### TASK PROMPT
Your copy should repeat each record exactly and contain none of the pictures.

### DATA RECORDS
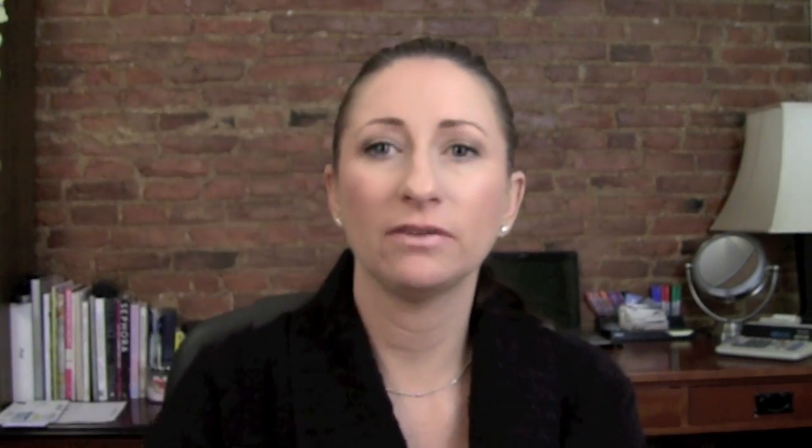For eye cream, the consultant had initially suggested the ginseng one, but the girl in-store said this one was better for removing darkness and helping keep fine lines away. It's the Plant Scription Anti-Aging Eye Treatment, and it has just a very little bit of caffeine in it. It has no scent, and the tiniest amount covers both eyes — it is so smoothing and so soft. I'm really liking all of these Origins products and I'm thankful to everyone who told me about this.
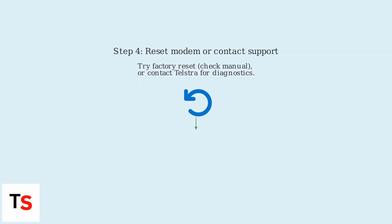If these steps don't work, you can try resetting your modem to factory settings — refer to your modem's manual for instructions — or contact Telstra support for further assistance and remote diagnostics.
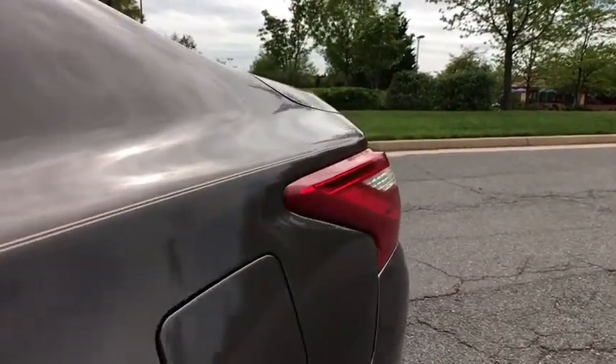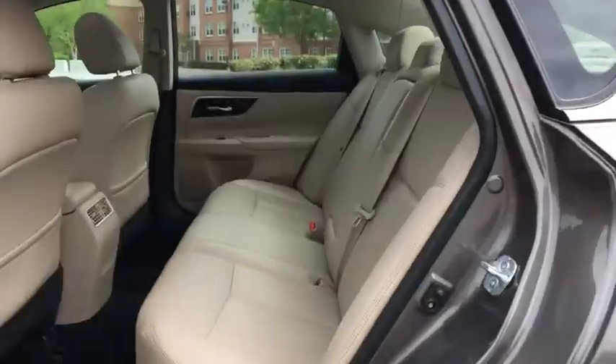Searching for a dependable vehicle that looks great too? You found it, so stop in today.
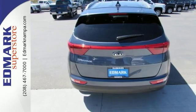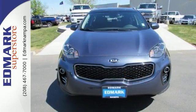It's nicely equipped with features like all-wheel drive. Take a look and test drive this car today.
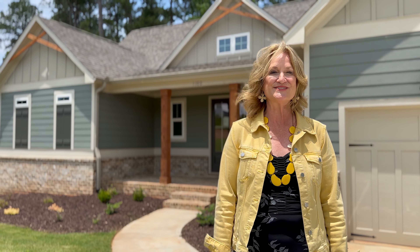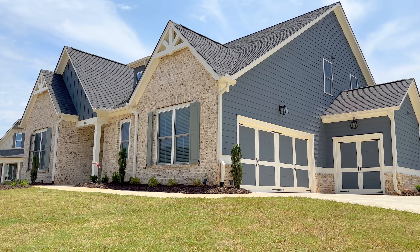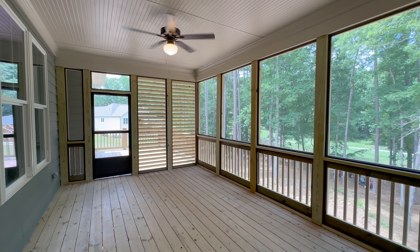With 54 home sites in hand, well-respected builder Waterford Homes started this neighborhood in 2020. The beauty of the surrounding nature and convenience of mostly one-level living makes Heron Ridge an ideal choice for those seeking comfort and tranquility.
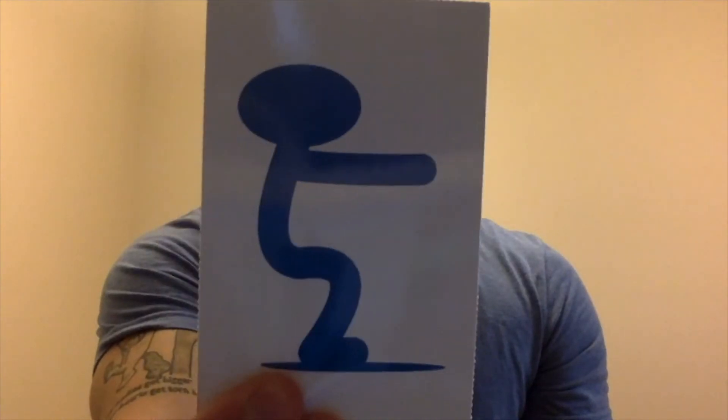And the next card is 12 squats. For squats, try to get low like this. Ready? Begin. 1, 2, 3, 4, 5, 6, 7, 8, 9, 10, 11, 12.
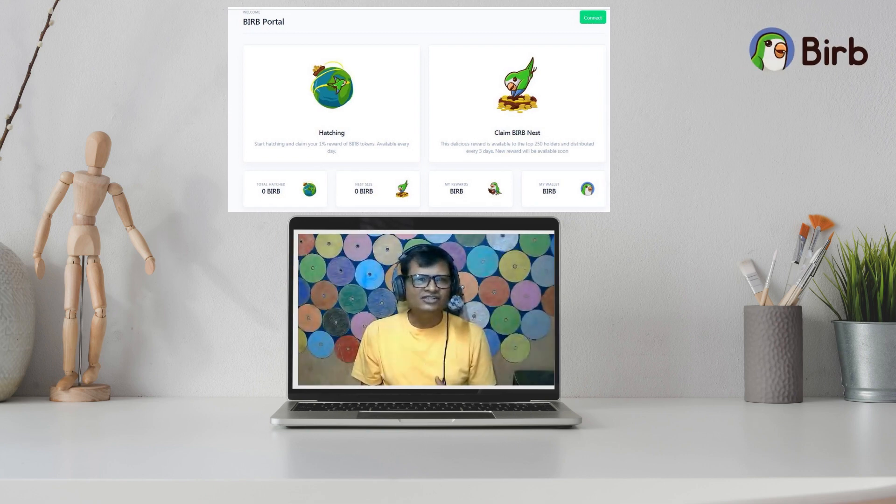The next feature is On Burp, a simple web app. Burp has developed an online gaming portal where users can enjoy playing games to gain Burp tokens. The web application allows anyone to earn Burp by hatching the Burp nest. With the fun game portal, you can hatch and claim a one percent reward of Burp tokens.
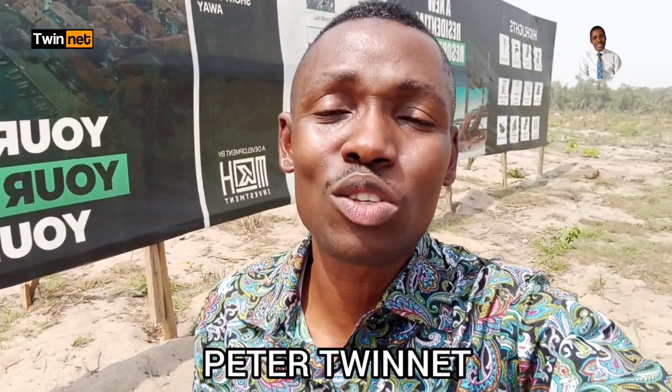Please watch to the end and you'll be glad you did. My name is Peter Twinnet from LakeyProperty.com. My job is to assist you with the right real estate investment information so that when you are making real estate investment decisions, you're able to make the right decisions.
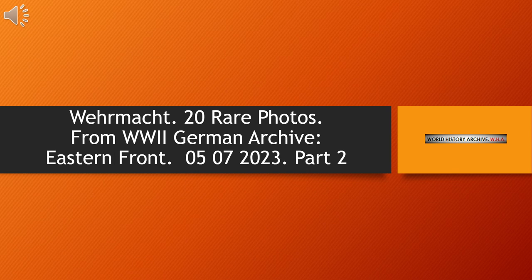On the 20 slides shown below, I present the original photographs of the Second World War from the German archive, which are in my collection. These photos are from my collection department, Wehrmacht on the eastern and western fronts.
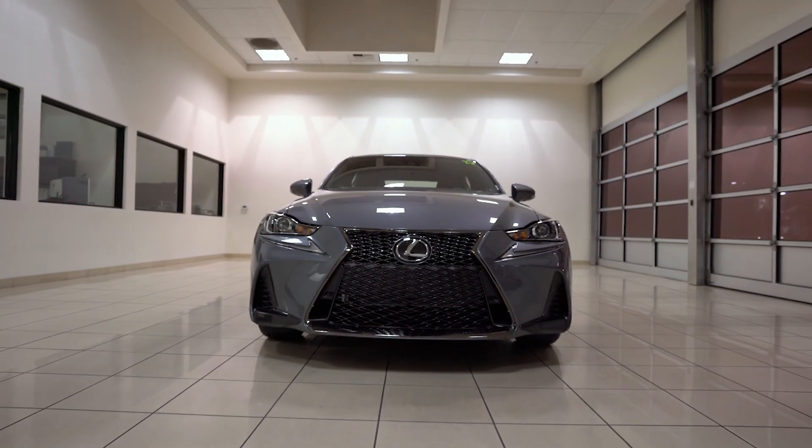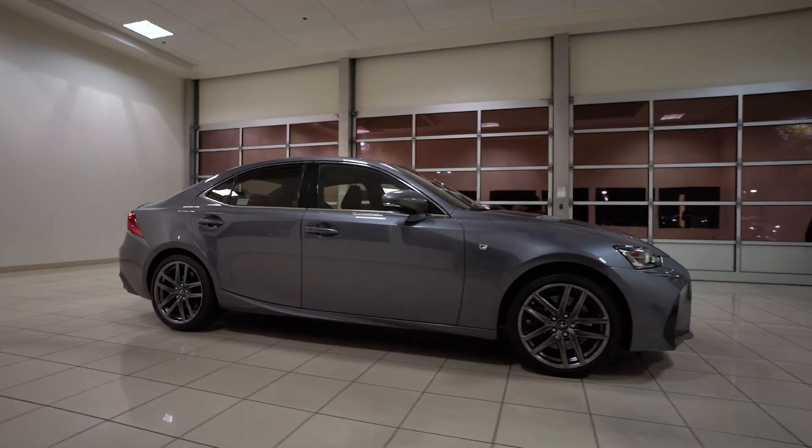The IS comes in many different trim levels and color options, so come in and see which one best suits you. For more specials on the Lexus IS, click the special tab above.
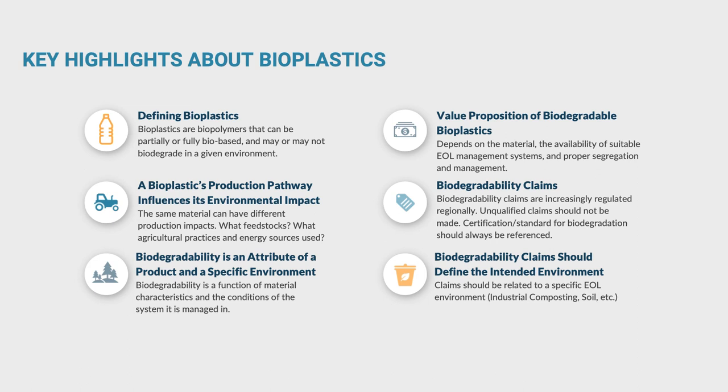In summary: bioplastics may biodegrade in a given environment, but the net environmental impact is dependent on upstream production practices. They also rely on suitable end-of-life management that requires infrastructure, collection access, and consumer participation. Biodegradability is an attribute of a product, but really only within the context of a specific environment, so you have to talk about it in those terms. And claims about biodegradability really need to point to a specific established standard and ideally be backed by certification schemes that are recognized.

### PROBLEM SOLUTION
For eye cream, the consultant had initially suggested the ginseng one, but the girl in-store said this one was better for removing darkness and helping keep fine lines away. It's the Plant Scription Anti-Aging Eye Treatment, and it has just a very little bit of caffeine in it. It has no scent, and the tiniest amount covers both eyes — it is so smoothing and so soft. I'm really liking all of these Origins products and I'm thankful to everyone who told me about this.
If these steps don't work, you can try resetting your modem to factory settings — refer to your modem's manual for instructions — or contact Telstra support for further assistance and remote diagnostics.
Searching for a dependable vehicle that looks great too? You found it, so stop in today.
It's nicely equipped with features like all-wheel drive. Take a look and test drive this car today.
With 54 home sites in hand, well-respected builder Waterford Homes started this neighborhood in 2020. The beauty of the surrounding nature and convenience of mostly one-level living makes Heron Ridge an ideal choice for those seeking comfort and tranquility.
And the next card is 12 squats. For squats, try to get low like this. Ready? Begin. 1, 2, 3, 4, 5, 6, 7, 8, 9, 10, 11, 12.
The next feature is On Burp, a simple web app. Burp has developed an online gaming portal where users can enjoy playing games to gain Burp tokens. The web application allows anyone to earn Burp by hatching the Burp nest. With the fun game portal, you can hatch and claim a one percent reward of Burp tokens.
Please watch to the end and you'll be glad you did. My name is Peter Twinnet from LakeyProperty.com. My job is to assist you with the right real estate investment information so that when you are making real estate investment decisions, you're able to make the right decisions.
On the 20 slides shown below, I present the original photographs of the Second World War from the German archive, which are in my collection. These photos are from my collection department, Wehrmacht on the eastern and western fronts.
The IS comes in many different trim levels and color options, so come in and see which one best suits you. For more specials on the Lexus IS, click the special tab above.
In summary: bioplastics may biodegrade in a given environment, but the net environmental impact is dependent on upstream production practices. They also rely on suitable end-of-life management that requires infrastructure, collection access, and consumer participation. Biodegradability is an attribute of a product, but really only within the context of a specific environment, so you have to talk about it in those terms. And claims about biodegradability really need to point to a specific established standard and ideally be backed by certification schemes that are recognized.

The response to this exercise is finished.